La humanidad ha caminado gran trecho desde aquellas remotas edades durante las
cuales el hombre vivía de los azares de la caza y no dejaba a sus hijos más herencia
que un refugio bajo las penas, pobres instrumentos de sílex y la naturaleza, contra la
que tenían que luchar para seguir su mezquina existencia.

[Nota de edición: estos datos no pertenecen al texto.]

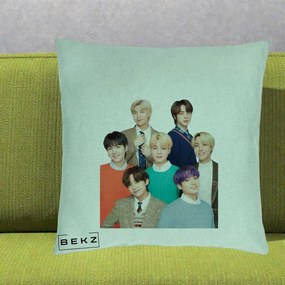 Perna Personalizata K-pop BTS Fotografie Grup Tinute Elegante, 40x40 cm, Verde Menta, Husa Detasabila, Perna Inclusa, BEKZ®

Sin embargo, en ese confuso período de miles y miles de años, el género humano
acumuló inauditos tesoros. Roturó el suelo, desecó los pantanos, hizo trochas en los
bosques, abrió caminos; edificó, inventó, observó, pensó; creó instrumentos
complicados, arrancó sus secretos a la naturaleza, domó el vapor, tanto que, al nacer,
el hijo del hombre civilizado encuentra hoy a su servicio un capital inmenso,
acumulado por sus predecesores. Y ese capital le permite obtener riquezas que
superan a los ensueños de los orientales en sus cuentos de Las mil y una noches.
En el suelo virgen de las praderas de América, cien hombres, ayudados por poderosas
máquinas, producen en pocos meses el trigo necesario para que puedan vivir un año
diez mil personas. Donde el hombre quiere duplicar, triplicar, centuplicar sus
productos, forma el suelo, da a cada planta los cuidados que requiere, y obtiene
prodigiosas cosechas. Y en tanto el cazador tenía que apoderarse en otro tiempo de
cien kilómetros cuadrados para encontrar allí el alimento de su familia, el hombre
civilizado hace crecer con menos fatiga y más seguridad, en una diezmilésima parte de
ese espacio, todo lo que necesita para que vivan los suyos. Cuando falta sol, el hombre
lo reemplaza por el calor artificial, hasta que logre producir también luz que active la
vegetación. Con vidrios y tubos conductores de agua caliente, cosecha en un espacio
dado diez veces más productos que antes conseguía.